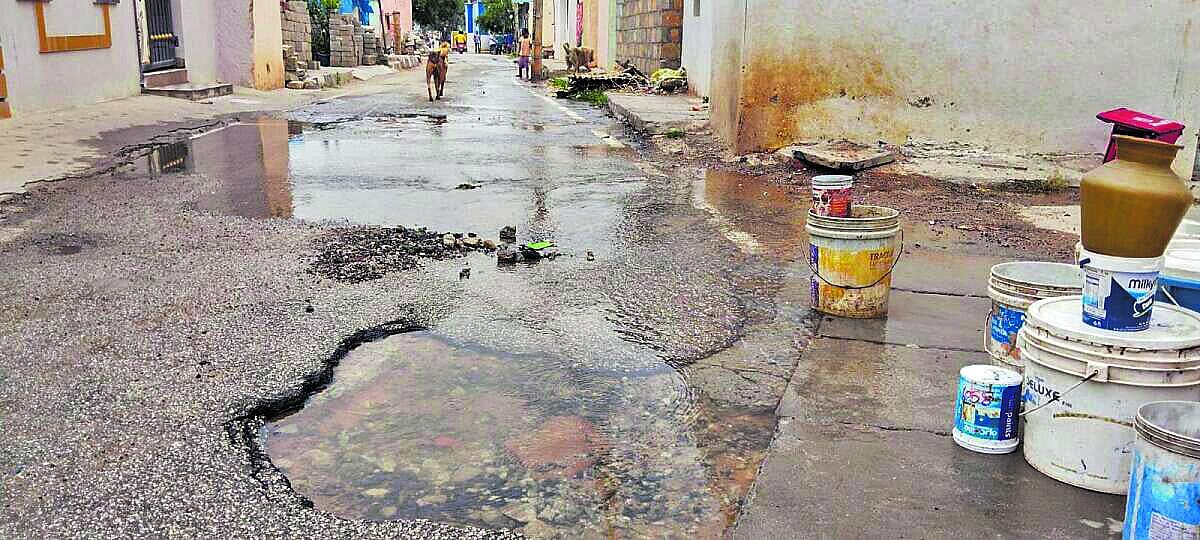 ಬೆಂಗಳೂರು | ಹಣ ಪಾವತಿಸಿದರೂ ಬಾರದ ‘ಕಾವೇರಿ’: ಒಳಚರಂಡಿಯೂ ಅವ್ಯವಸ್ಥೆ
========================
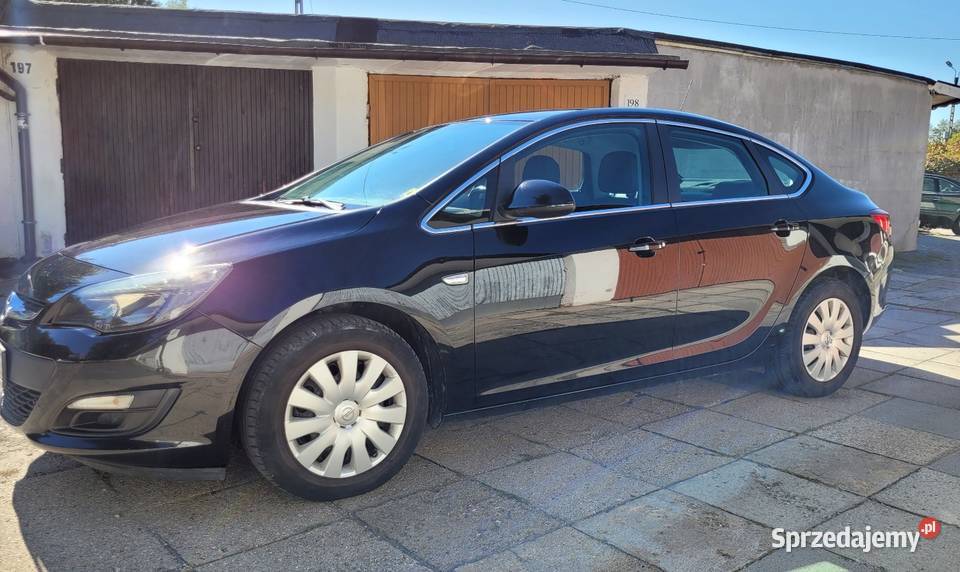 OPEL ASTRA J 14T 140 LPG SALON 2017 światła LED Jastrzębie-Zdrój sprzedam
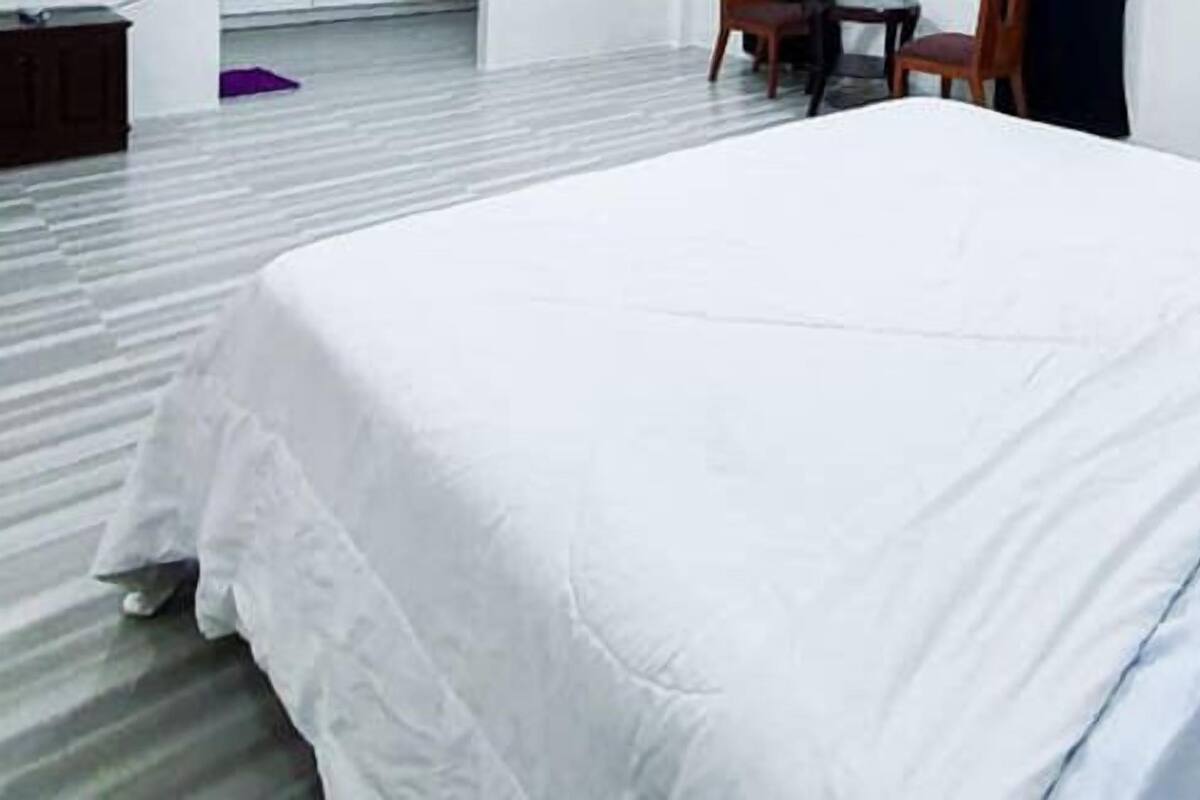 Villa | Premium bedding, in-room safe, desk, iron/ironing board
========================
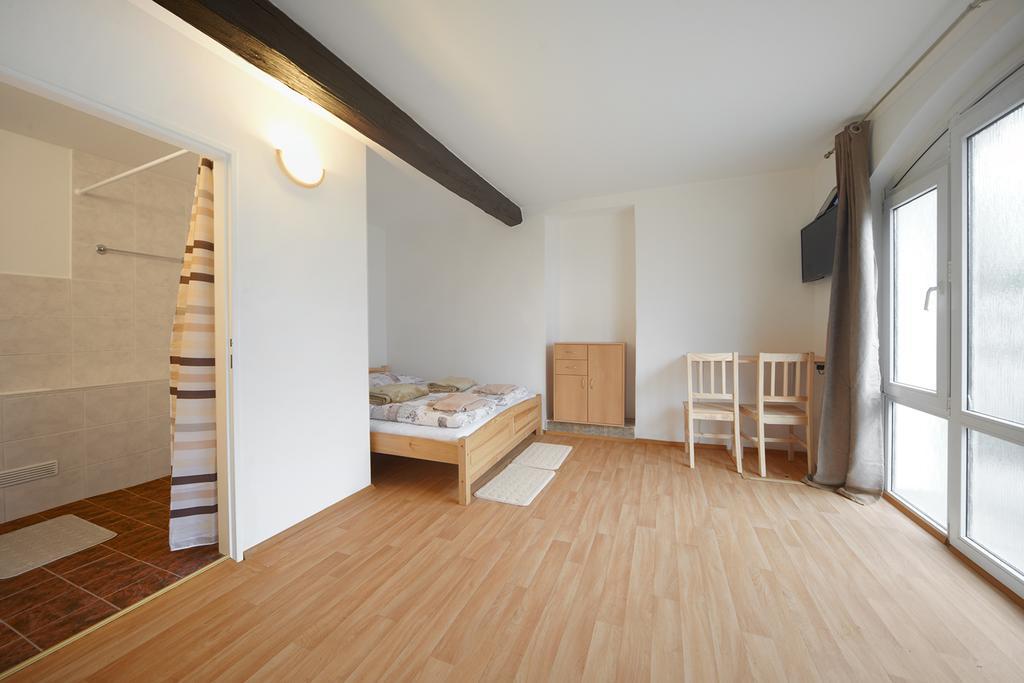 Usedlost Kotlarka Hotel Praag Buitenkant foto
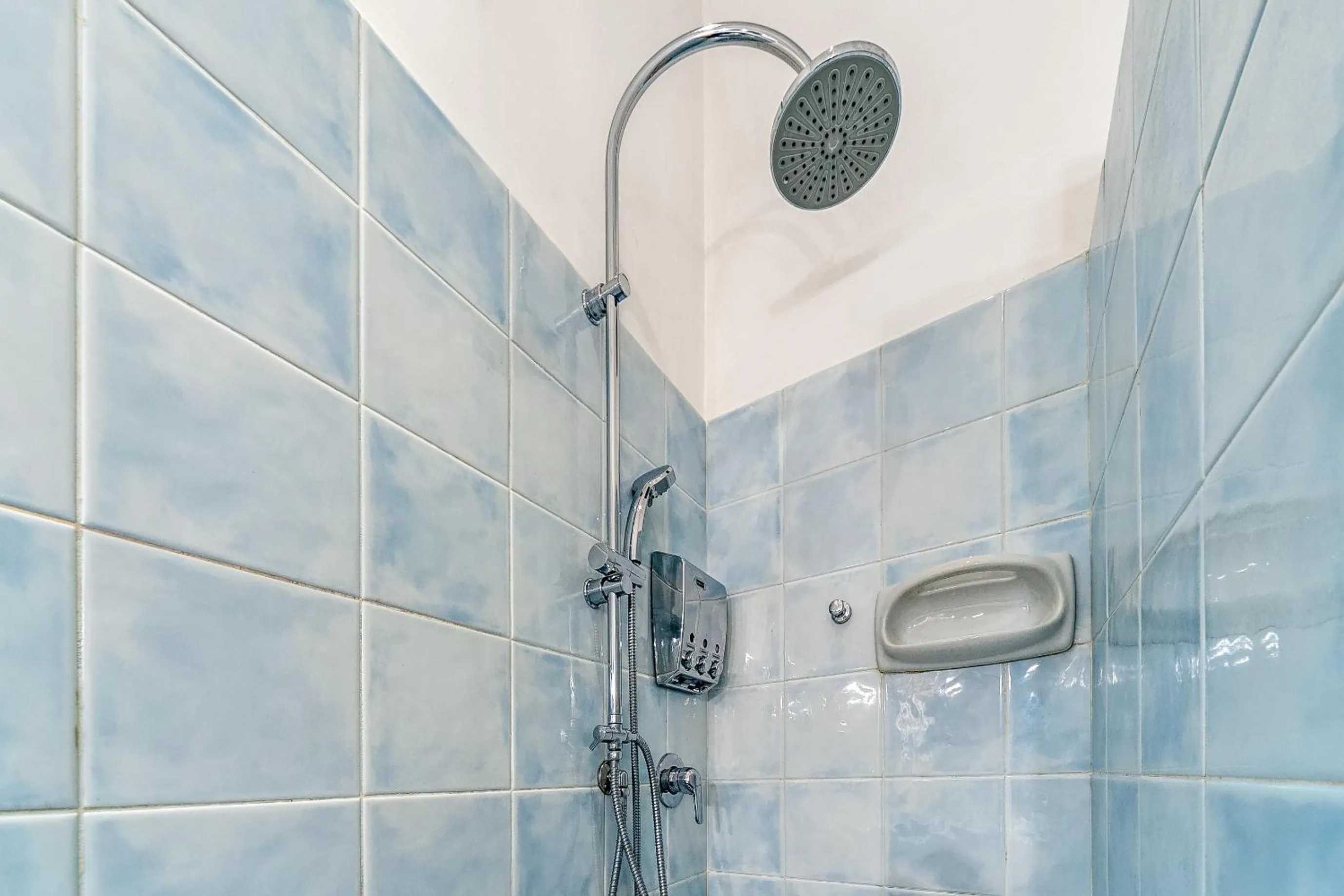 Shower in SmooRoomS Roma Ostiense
========================
Within the listing above, find the line containing "OPEL ASTRA J" and the line containing "Villa | Premium". Transcribe them and everything between them exactly, leaving out the pictures.

 OPEL ASTRA J 14T 140 LPG SALON 2017 światła LED Jastrzębie-Zdrój sprzedam
 Villa | Premium bedding, in-room safe, desk, iron/ironing board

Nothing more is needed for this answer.